Yes, that movie with cinematography so lovely you could care less that it was shot entirely on an iPhone. This technical marvel is thankfully backed by a heartwarming story that blossoms in the most unlikely of places. A lady of the night is convinced her pimp has done her wrong, so with the aide of her friend they begin a day long trek to get answers or maybe beat some ass. This journey is worth every ounce of your time as it unflinchingly shows you how tough and ridiculous it can truly be out there in that line of work. Bouncing from (oddly) understanding cops to interesting hook-ups, Tangerine is never stale and is endearing towards an intense lifestyle. The final shot of this film is one for the ages and will melt your heart.
Holy Motors (2012)
Fair warning: this one is an odd duck, not made for most. So, what is this movie about? Who cares, I say! From frame one this weird ride is pure art. While being respectful to the many genres cinema has to offer, it is also very radical with how it delivers itself to the audience. Monsieur Oscar (Denis Lavant) is picked up from his home, in a limo mind you, and is then driven to random appointments where he acts out various colorful roles. That is pretty much your plot in a nutshell. You're thrust into each scene with little to no set up and the results are dazzling. Mo-Cap technology, the 1954 Godzilla's score, musical numbers, tragedy, murder and an erect penis are forced to coincide with one another and against all odds it works. Could be pretentious but it never falters. Need something off the wall and different? Holy Motors has you covered, gang.
One False Move (1992)
To the Bill Paxton fans who have not seen this movie, I am envious of you. This film almost never made it to theaters. Great word of mouth changed all that and, wouldn't you know it, it became one of the best reviewed films of 1992. One False Move is calm and brooding, yet precise with its violence in a confident way. A ruthless trio go on a killing spree, the motive of course being money and drugs. Paxton plays a cop sent to catch the crooks. Old demons begin to surface as cops and robbers tread grey areas in tandem. Director Carl Franklin truly made a neo-noir here, that also plays like a Western minus the horses. Billy Bob Thornton, wearing two hats here as co-screenwriter and actor, here he plays one of the thieves, another broken character he's known for portraying. Should this film leave you wanting more from director Carl Franklin, make note of Devil in a Blue Dress. I recommend watching them back-to-back actually.

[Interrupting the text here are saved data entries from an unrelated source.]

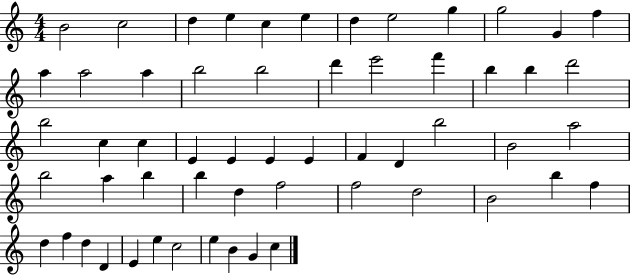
{
  \clef treble
  \numericTimeSignature
  \time 4/4
  \key c \major
  b'2 c''2 | d''4 e''4 c''4 e''4 | d''4 e''2 g''4 | g''2 g'4 f''4 | \break a''4 a''2 a''4 | b''2 b''2 | d'''4 e'''2 f'''4 | b''4 b''4 d'''2 | \break b''2 c''4 c''4 | e'4 e'4 e'4 e'4 | f'4 d'4 b''2 | b'2 a''2 | \break b''2 a''4 b''4 | b''4 d''4 f''2 | f''2 d''2 | b'2 b''4 f''4 | \break d''4 f''4 d''4 d'4 | e'4 e''4 c''2 | e''4 b'4 g'4 c''4 | \bar "|."
}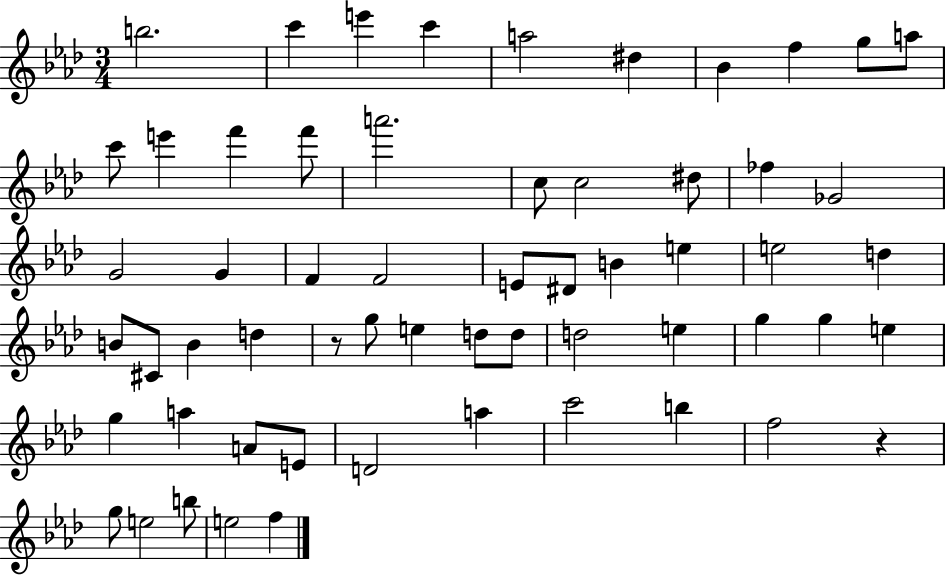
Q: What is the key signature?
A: AES major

This one completely blindsided me, mainly because there have been no good MMA movies before this, most just being forgettable action rides with suspect acting that go straight-to-DVD. Warrior flips things around by using real MMA stars and placing them in background roles, allowing mega talents like Joel Edgerton, Tom Hardy and Nick Nolte to do all the heavy dramatic lifting. And lift they surely do. All the leads are a sturdy tripod that support this underseen sports film. In truth, the sport really doesn't matter. Hell, it could have been football or boxing. MMA is only there to help push the drama to the surface more effectively. A powerful family drama about forgiveness and letting go, Warrior is severely underrated and deserves another look. Drunk Nick Nolte screaming the audiobook for Moby Dick will rip you apart. Cry at an MMA film, why don't you?
This Wim Wenders documentary is a peek into the mind of a brilliant dance choreographer Pina Bausch, who moved the art of dance to unpredictable places. Dancers recreate her avant-garde pieces on and off stage in celebration of her genius. I know nothing about dance, mind you, but after the second routine, I truly felt in awe of the undeniable talent on display, and I think you will, too. Every collaborator here is fully committing themselves to the performances; they put their mind, body and soul into it, physically contorting and gyrating as if possessed. How did Pina Bausch even think these dance moves up, let alone combine them together so intricately? Hypnotic, even to the layman; it's another good doc from Win, y'all. (My fellow Vulcan co-worker, Ben put this film on mute then played random music over it. I suggest you try this as well.)